> _What the exercise asks_
When you copy the data that follows, reproduce every word exactly and leave out the images.

> _Supplied information_

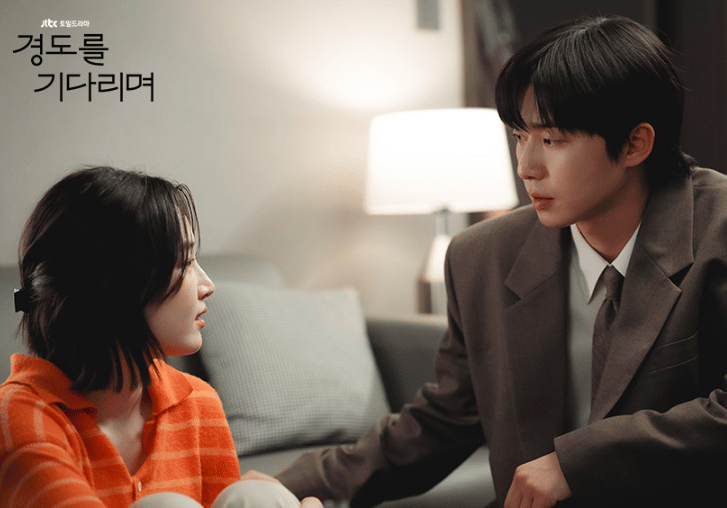 still cut drama Korea Surely Tomorrow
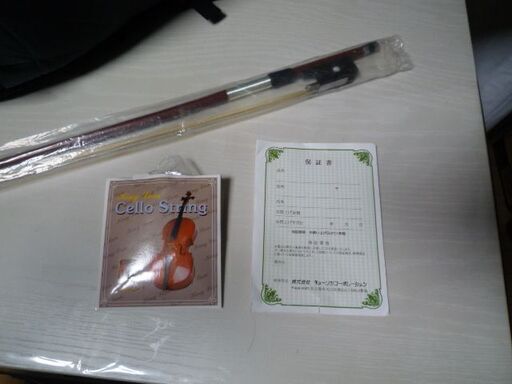 入門クラスのチェロ 未使用に近い中古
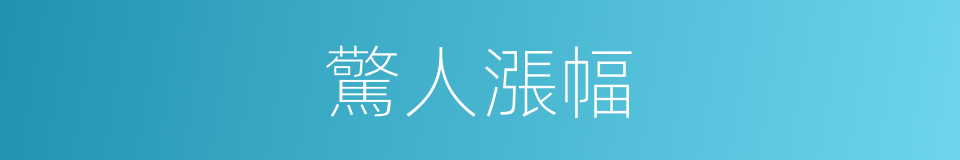 驚人漲幅的同義詞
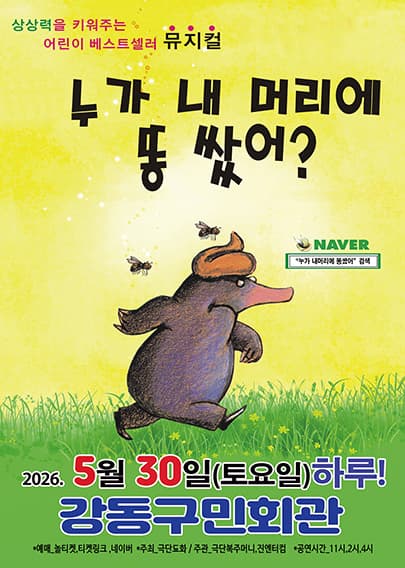 누가 내 머리에 똥 쌌어? [서울 강동]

> _Result_
 still cut drama Korea Surely Tomorrow
 入門クラスのチェロ 未使用に近い中古
 驚人漲幅的同義詞
 누가 내 머리에 똥 쌌어? [서울 강동]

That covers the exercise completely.